Search code examples
elasticsearchelasticsearch-aggregation

How to count elements by cardinality in elasticsearch?


Suppose I have a mapping that stores physical attributes of people, and a field in that mapping that is the user id. For instance:

    "attributes": {
      "hair_color": {
        "type": "string"
      },
      "eyes_color": {
        "type": "string"
      },
      "height": {
        "type": "float"
      },
      "user_id": {
        "type": "integer"
      }
    }

I'm trying to make a query that will return how many people have a given eye color. For example, it would return something like "green": 962.

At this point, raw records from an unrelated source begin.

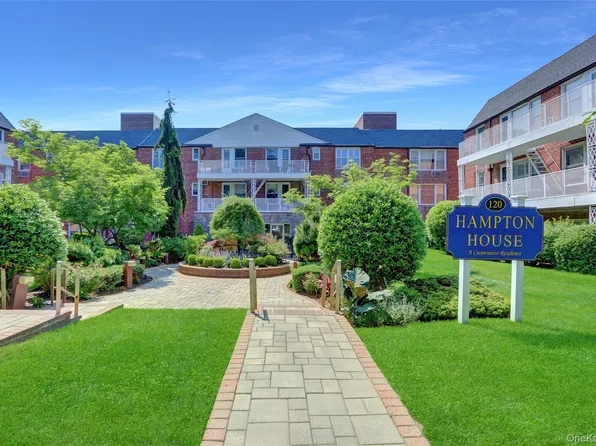 120 Morris Avenue #B17, Rockville Centre, NY 11570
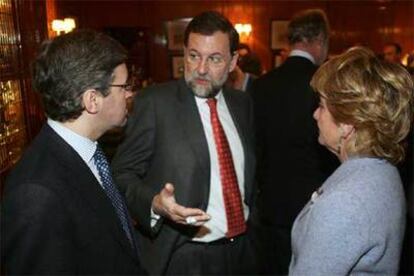 El líder del PP, Mariano Rajoy, flanqueado por Ángel Acebes y Esperanza Aguirre, en el Fórum Europa.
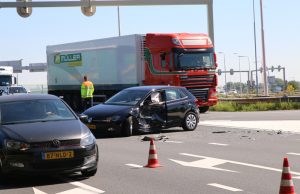 Veel schade bij aanrijding tussen twee voertuigen Kruithuisplein Delft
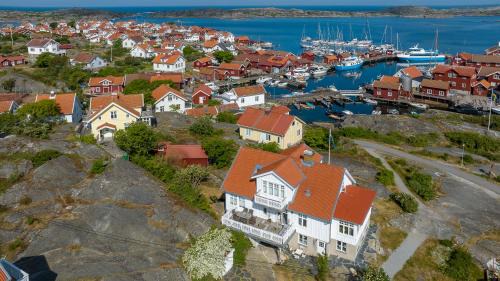 Karingon Apartamento | Lägenhet med havsutsikt & uteplats i vårt hus på Käringön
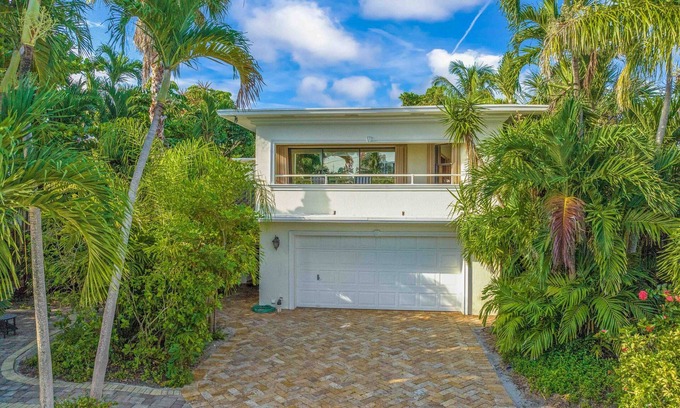Birch Park Finger Streets House | Beachside Retreat with Pool and Nightlife at Your Doorstep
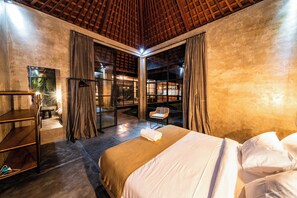 3 bedrooms, iron/ironing board, internet, bed sheets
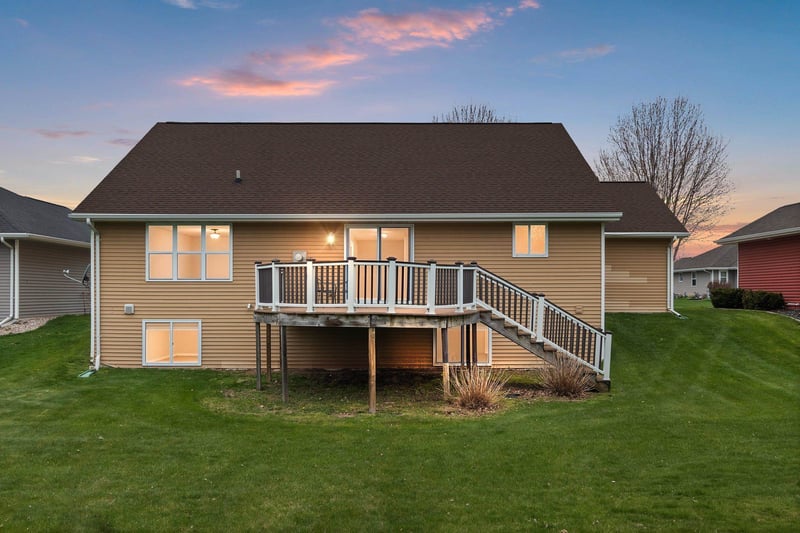 4814 Isabella Cir, Hobart, WI 54155-9250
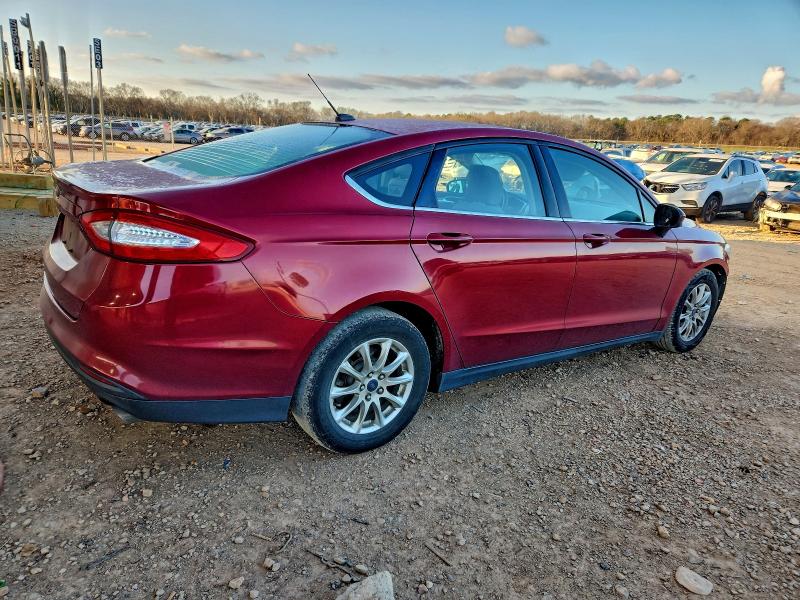 Photo 3 from auction – 2016 FORD FUSION S with VIN 3FA6P0G73GR109903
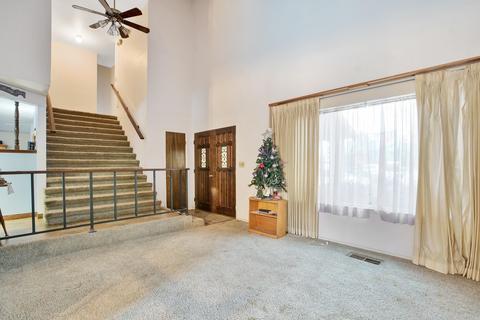 914 W Cherry Ave, Visalia, CA 93277 photo 6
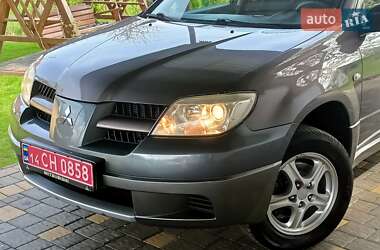 Позашляховик / Кросовер Mitsubishi Outlander 2006 в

I think that what I need to do is a terms bucket for the eye_color field and then a cardinality sub aggregation that takes into account user_id, but I haven't been successful so far. This is what I have:

{
"aggs" : {
    "eyes_color_bucket" : {
        "terms" : {
            "field" : "eyes_color"
        }
    },
    "aggs":{
        "count":{
            "cardinality":{
                "field": "eyes_color_bucket"
            }
        }
    }
}

Which of course fails. Any help appreciated.


Solution

  • You're almost there, try it like this:

    {
      "size": 0,
      "aggs": {
        "eyes_color_bucket": {
          "terms": {
            "field": "eyes_color"
          },
          "aggs": {
            "count": {
              "cardinality": {
                "field": "user_id"
              }
            }
          }
        }
      }
    }
    

    UPDATE

    Following up on Richa's comment below, if you make the assumption that one user will only have one eye color (i.e. no lenses or whatever), you can simplify your aggregation query like this:

    {
      "size": 0,
      "aggs": {
        "eyes_color_bucket": {
          "terms": {
            "field": "eyes_color"
          }
        }
      }
    }
    

    The doc_count you get in each bucket should be the number of users having that eye color. Kudos to @Richa for bringing this up.